Only 4% of patients receiving any ddI + TDF combination presented asymptomatic grade 2 (> 1.5–2 fold limit superior normality) amylase increases, leading to ddI discontinuation. Polineuropathy was found to be mild in 25% of subjects but moderate to severe in only 2% and led to ddI withdrawal. Unexpectedly, xerostomia appeared in 10% of patients under ddI + TDF-containing regimens; it was severe in only 5% and significantly ameliorated with ddI discontinuation. Among patients from the remaining groups, namely those groups not including the combination ddI + TDF, no cases of xerostomia were reported whereas one patient interrupted ddI due to pancreatitis and 4% of patients reported moderate-severe symptoms of ddI or d4T-related polineuropathy, leading to treatment discontinuation in 2%.
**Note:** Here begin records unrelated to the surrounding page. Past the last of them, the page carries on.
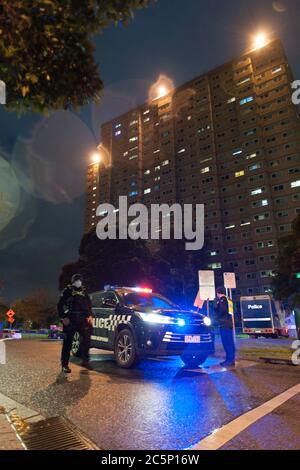 Melbourne, Australia. 04th luglio, 2020 alcuni dei 500 Victoria Police Block traffico entrare negli alloggi pubblici a Flemington, Australia il Sabato notte come parte di un governo vittoriano Covid-19 blocco. Credit: Michael Currie/Alamy Live News Foto Stock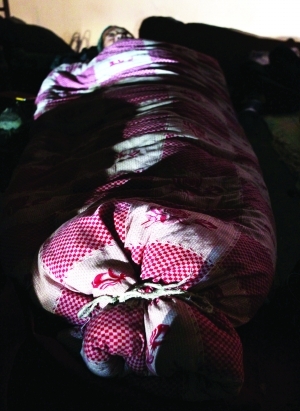 寒夜露宿,民工兄弟把被子扎成"睡袋"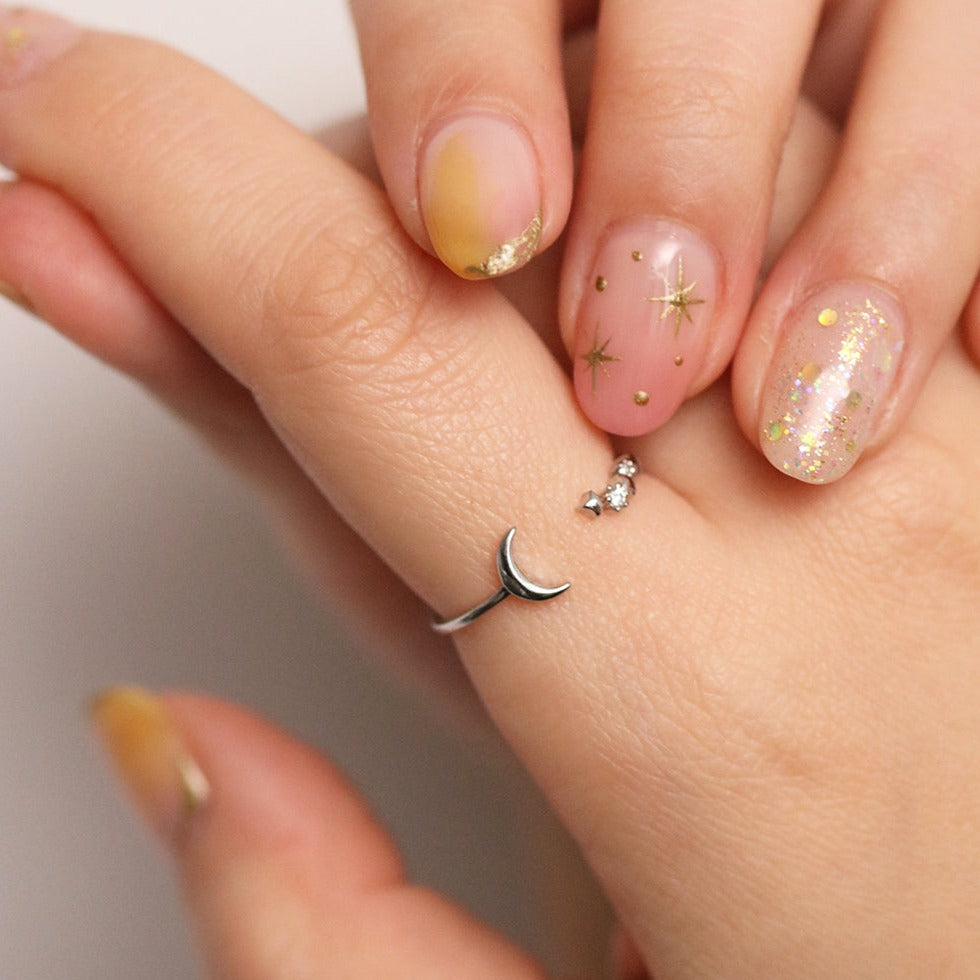 Mini moon star ring
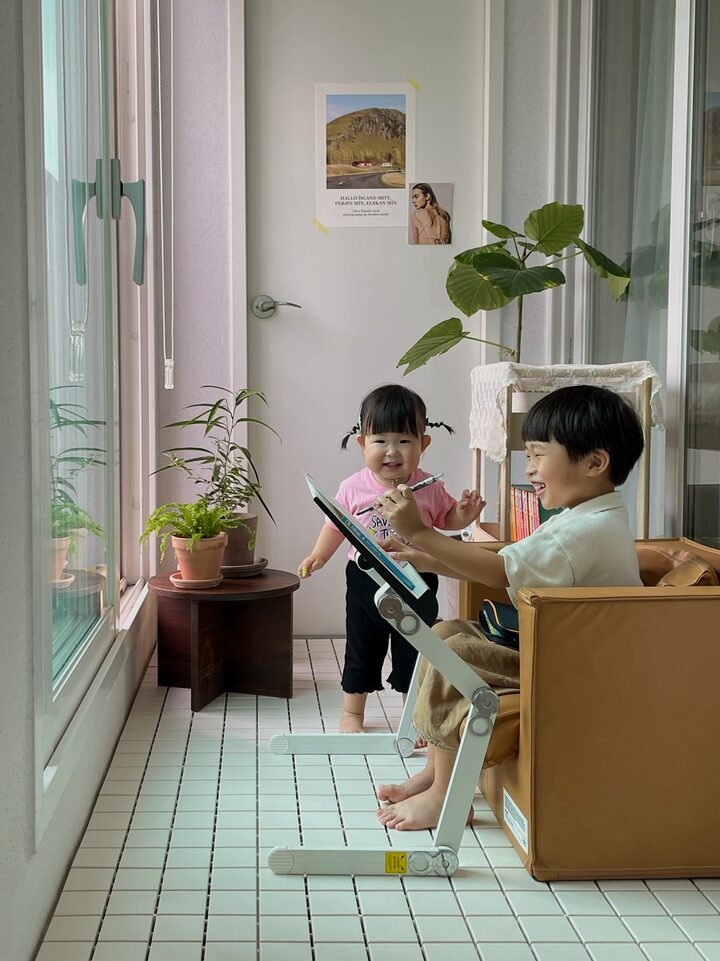 short form carousel card thumbnail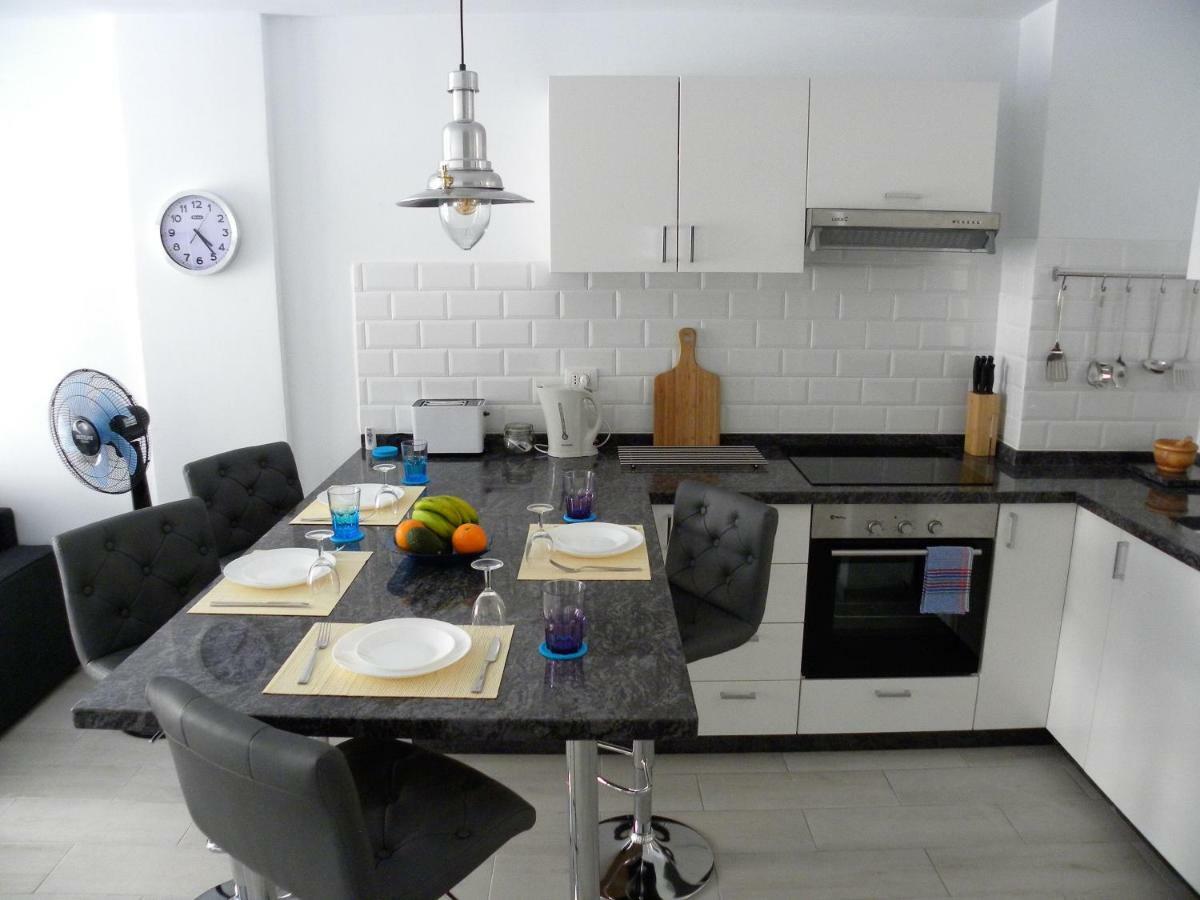Ben'Sholidayflat Ideal For Families Groups And Couples Terrace Solarium Wi-Fi Netflix Smart Tv El Médano Exteriör bild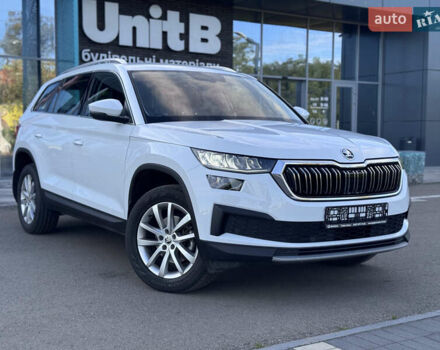 Белый Шкода Kodiaq, объемом двигателя 2 л и пробегом 45 тыс. км за 40999 $, фото 11 на Automoto.ua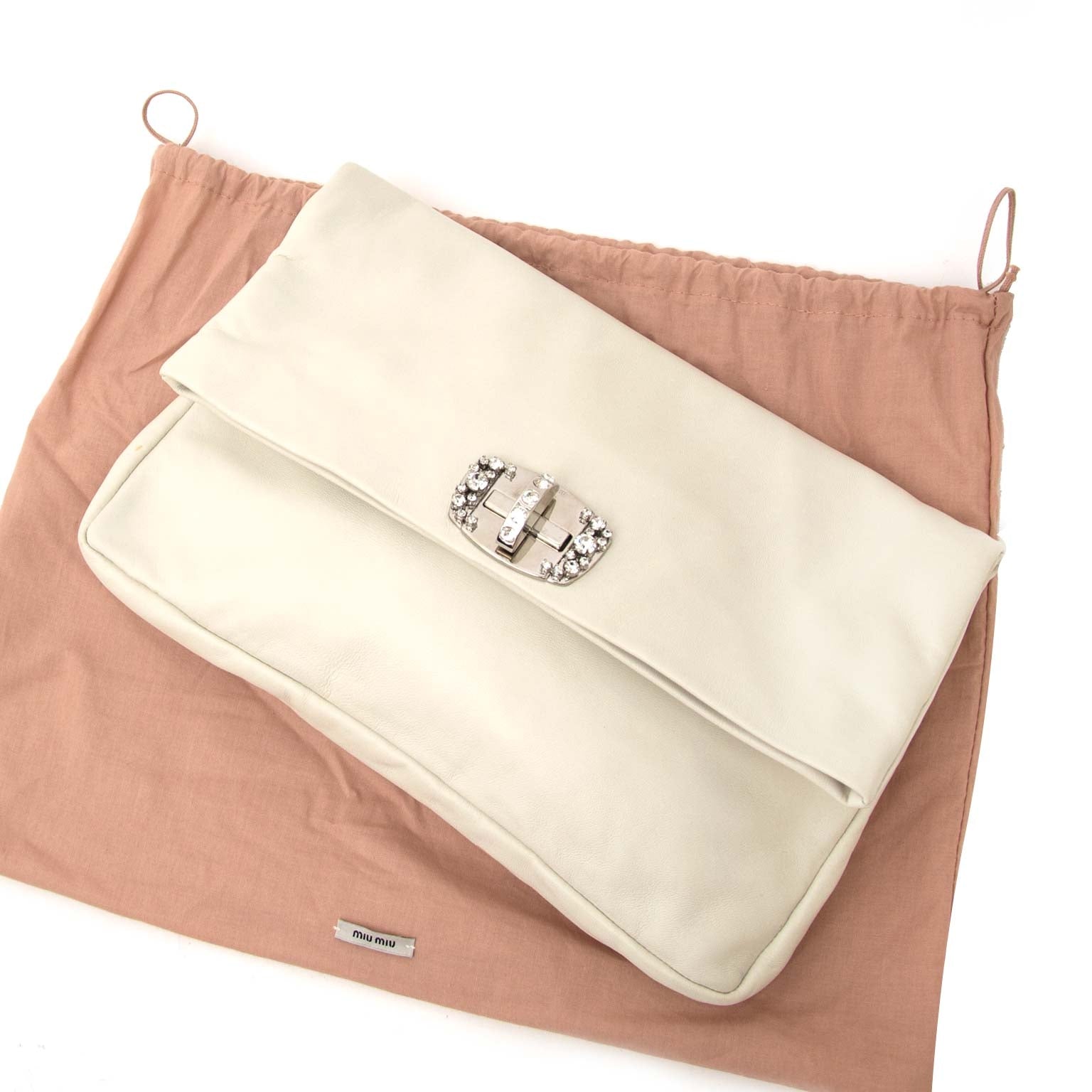 achète des clutches Miu Miu à labellov vintage webshop de mode belgique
Pharmacokinetic analysis demonstrated high ddI plasma levels when given at 400 mg dose + TDF + NVP, which exceeded those achieved when ddI was administered without tenofovir [4]. Didanosine dose reduction to 250 mg implied ddI plasma levels similar to those achieved with ddI 400 mg fasted without TDF. Briefly, median AUC decreased from 5220 ng/ml (range, 1760–8280) to 2340 ng/ml (range, 1590–4700). Median maximum concentration (Cmax) diminished from 1390 ng/ml (range, 640–3070) to 750 ng/ml (range, 300–1560).

Prior to ddI dosage reduction, mean CD4 cell count in these eight subjects decreased by 163 × 106 cells/l. Three months after initiating ddI 250 mg/day, mean CD4 counts increased 60 × 106 cells/l. In more detail, after ddI dose reduction, CD4 count significantly increased in six patients (mean increase of 136 × 106 cells/l), remained stable in two patients, and persisted decreasing in the remaining two subjects (mean decrease of 72 × 106 cells/l).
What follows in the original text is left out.